Et quand ceux-ci apparaissent à l'écran, c'est avec la finesse d'un éléphant. Jaume Balaguero a dû trop regarder des jeux vidéo car on se croirait en plein shoot'em up. Pas de tension ou de peur dans le film, juste des personnes transformées en zombies qu'il faut dégommer.

Mais me direz-vous, le cinéaste espagnol aurait-il profité du déroulement de son film en pleine mer ? Eh bien non ! Là encore les scénaristes n'ont pas dû se creuser la tête – peut-être ont-ils été victimes du virus – puisque l'espace du bateau n'est utilisé qu'à ouvrir ou fermer des portes avec hublots pour empêcher des zombies d'entrer.
Sur ce même bateau, on découvre la présence de singes contaminés. Mais ces derniers ne vont mettre leur grain de sel qu'en de rares occasions. Sûrement une façon de tenter de réveiller le spectateur qui serait pris d'envies de somnolence.

REC44Car ce ne sont pas les personnages du film qui risquent de relever l'intérêt de celui-ci. La pauvre Manuela Velasco, qui interprète le rôle principal d'Angela, paraît complètement perdue. C'est certainement l'actrice elle-même qui se demande ce qu'elle est venue faire dans une pareille galère. Il faut dire qu'elle n'est aidée par ses autres compatriotes. Tous les personnages du film ne sont rien d'autre que des pures caricatures : les scientifiques sont là pour faire leurs expériences et les militaires sont là en renfort. Ces derniers tirent dans le tas dès qu'un danger semble pointer le bout de son nez. Dans ces conditions, il est parfaitement impossible de s'identifier à l'un des personnages. Il peut leur arriver n'importe quoi, on s'en moque royalement.

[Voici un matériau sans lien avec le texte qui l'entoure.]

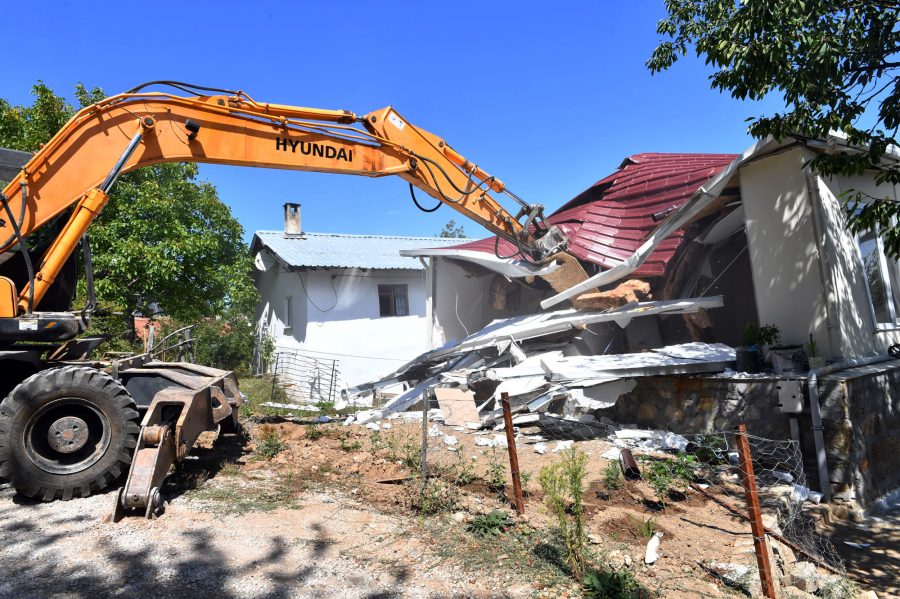 Bursa'da yıkım var! Uludağ'da kaçağa geçit yok!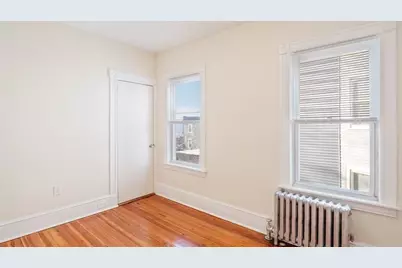 32 Robinson St #1, Boston, MA 02122 - Photo 25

Avec REC 4, Jaume Balaguero parvient donc à un coup du maître : tout est raté. Pour celui qui a tout de même mis en scène des films aussi remarquables que REC (premier du nom, of course !), Darkness ou encore Fragile, il fallait faire fort pour tomber aussi bas. Le cinéaste espagnol a manifestement vendu son âme cinématographique pour des raisons mercantiles – si ce n'est pas le cas c'est encore plus grave.

Au final, REC 4 clôt de la façon la plus indigne qui soit une saga qui aurait dû en rester au premier film. Ah au fait j'ai oublié de vous dire que ce long métrage ne dispose plus d'un filmage personnel (comme dans les opus précédents) puisqu'il n'y a plus de caméra qui filme en direct mais à la rigueur on s'en moque puisque tout est déjà raté. En fin de compte, le mieux reste sans doute l'affiche du film. Vous l'avez vu. Bon bah vous avez tout vu. Vous pouvez donc passer à autre chose. Dans ce film qui se déroule en mer, on touche réellement le fond. Voilà un navet qui sera difficile à détrôner au niveau des flops de 2014.